28.09.2021 - 07:00 | Son Güncellenme:
DUYGU ERDOĞAN - Pandemi sürecinde turizmde Türkiye’nin elini güçlendiren ‘Güvenli Turizm Sertifikası’ tartışma konusu oldu. Antalya Ticaret ve Sanayi Odası (ATSO) Oteller ve Konaklama Yerleri Meslek Komitesi, uygulamadaki zorunluluğun kaldırılması için tavsiye kararı aldı.
Aşı sertifikası ve PCR testi belgeleriyle turist ağırlanmasının yeterli olacağını savunan kararda, sertifikanın Türkiye’nin pek çok bölgesindeki konaklama tesisi için fazla maliyet halini aldığı belirtiliyor. Bu karar ATSO tarafından Türkiye Odalar ve Borsalar Birliği’ne (TOBB), oradan da Kültür ve Turizm Bakanlığı’na iletilecek.
Türkiye, bu süreçte uluslararası turizm stratejisini Güvenli Turizm Sertifikasyonu üzerine kurdu; sertifika özellikle pandemi sürecinin en sancılı dönemlerinde hükümetler arası görüşmelerde Türkiye’nin elini güçlendirdi. Bakanlığın bu sertifikayı kalıcı gördüğü konuşuluyor.
Zincirleme tedbir
Başta küçük oteller olmak üzere ise sertifikanın zorunluluktan çıkarılması, isteğe bağlı hale getirilmesi isteniyor. Bu isteğin temelinde ise, her bölgenin yabancı turist almadığı için ortaya çıkan maliyet ile artık aşı sertifikası ve PCR testinin yeterli olacağı görüşü var.

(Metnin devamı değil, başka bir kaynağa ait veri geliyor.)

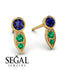 Bezel Sapphire Earrings In Pear Shaped - Aniya No. 28 image 2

Güvenli Turizm Sertifikasyon Programı, ulaşımdan konaklamaya, tesis çalışanlarından yolcuların kendi sağlık durumuna uzanan geniş bir yelpazede alınması önerilen bir dizi tedbirleri tanımlıyor.
1 Ocak 2021’den itibaren oda sayısı 30 ve üzeri olan konaklama tesisleri için zorunlu olan sertifikayı almak isteyen tesis işletmeleri yetkili uluslararası akreditasyon kuruluşlarına başvuruda bulunuyor. Otelin büyüklüğüne göre 500 liradan birkaç bin lirayı aşan fiyatlara sertifika alınabiliyor.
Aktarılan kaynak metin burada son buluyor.